I usually wake up between 7:00 and 7:30. I mozy up to get both of the kids and bring them downstairs. I put together some breakfast. After they start eating, I begin sipping my first cup of coffee and check for new email on my iPhone to see what big things I need to look into.

At my old job, I would have been heading out the door by 6:00 and joining the great commute to get across town. Now I get to cash in on that spare time with more sleep. And since most of my colleagues work in different time zones, there’s no rush as to when I start working anyway. Nice!

I saw an email from Gunnar about blogging the new release of Spring XD 1.0.0.M4. I figure when I get back from dropping the kids off at school that I can post some extra tweets to his blog post as well as the new guide I updated to go along with that release.
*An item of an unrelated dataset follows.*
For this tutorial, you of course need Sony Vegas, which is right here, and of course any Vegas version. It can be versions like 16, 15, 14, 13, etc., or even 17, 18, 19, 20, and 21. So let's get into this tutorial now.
After I vote up his blog post, I go to my office upstairs, because there’s a 30-minute internal tech talk from Jon about Reactor. It recently went GA, so I’m interested to catch this! I connect to a webex session and then let the meeting call me back on my phone so I can listen in. Pretty neat stuff! I saw his talk at SpringOne and kind of enjoyed that even though it’s Java, he is deliberately using some radical tactics to write terse code (like a statically imported ‘$’ function!)
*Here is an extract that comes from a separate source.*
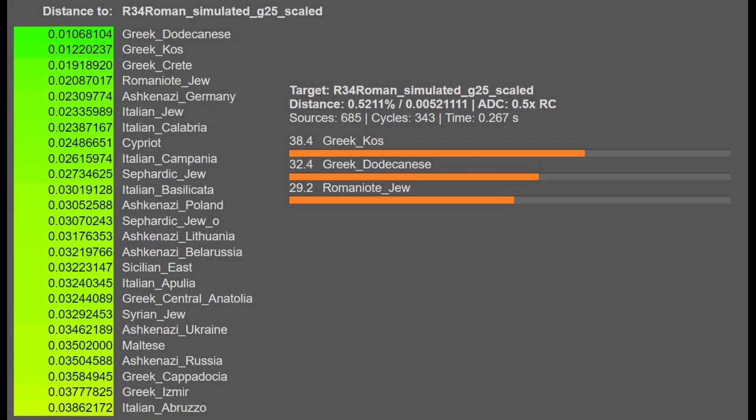G25 coordinates were not available for this sample, so I had to simulate them myself from the raw data file. Here is who he's closest to with G25 — it's all kinds of Greeks. Dodecanese I think refers to the islands, because it's the most southward-shifted Greeks that this person is closest to.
First real task of the day

Having finished that quick presentation on Reactor, I finally have some space to work on a more detailed issue. Thomas Risberg has posted details about one of our historical announcements of Spring for Hadoop that seems to have been lost while converting the website. There is a detailed discussion on a github issue with everything I need to know. Since they couldn’t find the legacy content, but did find a forum article with the same content, the decision is made to create a permanent redirect to the forum article instead of combing through database backups.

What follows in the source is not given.